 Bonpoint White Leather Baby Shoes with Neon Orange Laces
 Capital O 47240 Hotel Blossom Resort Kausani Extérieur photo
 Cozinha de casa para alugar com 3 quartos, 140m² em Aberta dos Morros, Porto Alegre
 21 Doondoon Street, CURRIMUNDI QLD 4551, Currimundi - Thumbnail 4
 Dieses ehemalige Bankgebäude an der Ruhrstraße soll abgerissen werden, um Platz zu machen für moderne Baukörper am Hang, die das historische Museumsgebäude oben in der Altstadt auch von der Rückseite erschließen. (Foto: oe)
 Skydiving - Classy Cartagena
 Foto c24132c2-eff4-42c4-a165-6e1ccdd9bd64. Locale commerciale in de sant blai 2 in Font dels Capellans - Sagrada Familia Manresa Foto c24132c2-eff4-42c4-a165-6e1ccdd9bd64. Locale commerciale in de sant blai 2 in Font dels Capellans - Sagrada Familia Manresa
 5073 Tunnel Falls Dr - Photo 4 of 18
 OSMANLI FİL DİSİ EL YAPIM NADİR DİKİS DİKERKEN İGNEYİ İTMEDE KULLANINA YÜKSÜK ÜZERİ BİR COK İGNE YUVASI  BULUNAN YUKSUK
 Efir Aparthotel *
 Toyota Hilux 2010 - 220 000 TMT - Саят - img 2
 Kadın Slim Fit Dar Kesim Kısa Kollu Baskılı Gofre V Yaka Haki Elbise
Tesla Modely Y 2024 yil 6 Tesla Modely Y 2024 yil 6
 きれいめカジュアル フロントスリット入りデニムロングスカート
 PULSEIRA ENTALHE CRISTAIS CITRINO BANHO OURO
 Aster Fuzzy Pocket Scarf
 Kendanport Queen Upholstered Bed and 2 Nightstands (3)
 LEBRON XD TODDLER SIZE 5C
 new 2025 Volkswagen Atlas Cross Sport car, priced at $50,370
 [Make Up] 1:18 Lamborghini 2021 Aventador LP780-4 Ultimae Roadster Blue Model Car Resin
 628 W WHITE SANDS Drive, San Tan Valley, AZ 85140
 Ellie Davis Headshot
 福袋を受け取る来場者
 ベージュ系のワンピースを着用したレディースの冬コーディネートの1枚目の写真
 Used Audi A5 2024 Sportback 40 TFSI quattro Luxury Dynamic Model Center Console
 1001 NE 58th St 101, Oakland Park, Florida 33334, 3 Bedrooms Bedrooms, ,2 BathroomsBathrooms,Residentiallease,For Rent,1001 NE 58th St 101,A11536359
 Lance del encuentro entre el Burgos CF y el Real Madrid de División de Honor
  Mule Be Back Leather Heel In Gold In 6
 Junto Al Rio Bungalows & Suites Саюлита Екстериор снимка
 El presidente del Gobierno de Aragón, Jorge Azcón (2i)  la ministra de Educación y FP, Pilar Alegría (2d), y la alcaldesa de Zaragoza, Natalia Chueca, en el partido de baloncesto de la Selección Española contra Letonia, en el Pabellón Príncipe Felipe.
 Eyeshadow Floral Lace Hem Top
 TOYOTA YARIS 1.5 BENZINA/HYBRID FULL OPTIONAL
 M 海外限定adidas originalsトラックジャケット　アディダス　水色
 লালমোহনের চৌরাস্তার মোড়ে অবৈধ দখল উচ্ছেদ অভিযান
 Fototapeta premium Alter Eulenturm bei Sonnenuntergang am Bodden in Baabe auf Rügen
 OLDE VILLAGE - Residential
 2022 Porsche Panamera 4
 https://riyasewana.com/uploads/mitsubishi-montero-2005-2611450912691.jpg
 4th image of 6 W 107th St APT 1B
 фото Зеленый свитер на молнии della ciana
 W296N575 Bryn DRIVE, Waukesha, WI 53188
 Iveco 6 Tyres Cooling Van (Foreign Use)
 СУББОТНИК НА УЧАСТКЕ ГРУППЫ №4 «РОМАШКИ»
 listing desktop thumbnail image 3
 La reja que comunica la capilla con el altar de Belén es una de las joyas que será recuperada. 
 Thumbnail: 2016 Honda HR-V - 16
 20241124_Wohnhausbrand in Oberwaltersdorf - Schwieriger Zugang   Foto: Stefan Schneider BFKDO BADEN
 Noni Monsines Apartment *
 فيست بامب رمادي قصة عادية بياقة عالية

* * * *

* _EXERCISE BRIEF_: Among the records above, find the lines where the word "image" appears and copy them.

* _WRITTEN REPLY_:
 4th image of 6 W 107th St APT 1B
 listing desktop thumbnail image 3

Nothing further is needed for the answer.